A 73-YEAR-OLD grandad has conquered Africa’s highest mountain after undergoing revolutionary knee surgery.
Terry Gregory, of Lynemouth, defied the odds to get to the top of Kilimanjaro in Tanzania, 19,000ft above sea level, just over a year after having his knee replaced using computer-navigated surgery.
The retired businessman has also been able to go skiing again after his knee was replaced using the OrthoPilot technique.
“It has been amazing,” said Terry, a grandfather of one. “Within five months, I was skiing again, and 15 months after the surgery, I was standing on top of Kilimanjaro.
“I have always led an active life and after, surviving prostate cancer, I was determined to see places and do things I’d never had the chance to experience before – and I did.

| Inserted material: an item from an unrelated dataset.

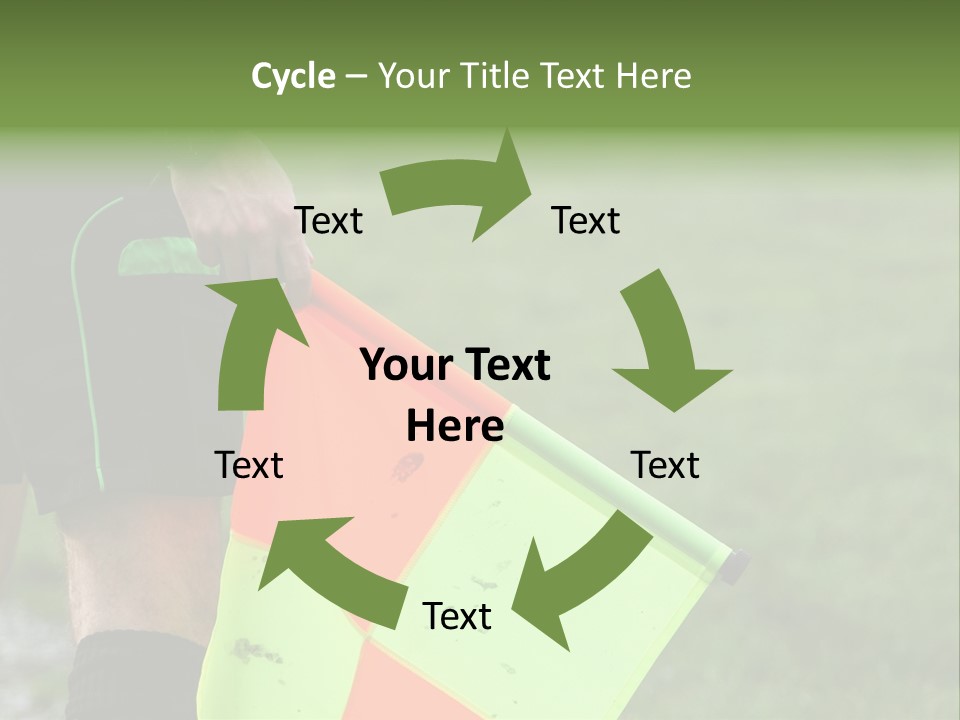 Action Game Soccer PowerPoint Template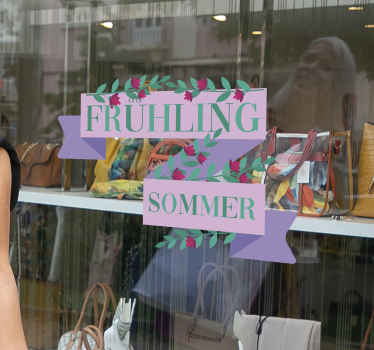 Schaufenster Aufkleber frühlings-sommer-promo - TenStickers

“I walked the Inca Trail in Peru and visited Madagascar and the Galapagos Islands and China, but my knee got progressively worse and was so painful in the end that I couldn’t walk any distance without poles and could barely get up the stairs.”
Terry was keen to get active again, so he opted to have his knee replaced by orthopaedic surgeon Derek Bickerstaff in Sheffield and is glad he did.
“This type of activity is not recommended after knee replacement, but it just goes to show what can be achieved if you correctly implant a knee into a very determined patient,” said Derek.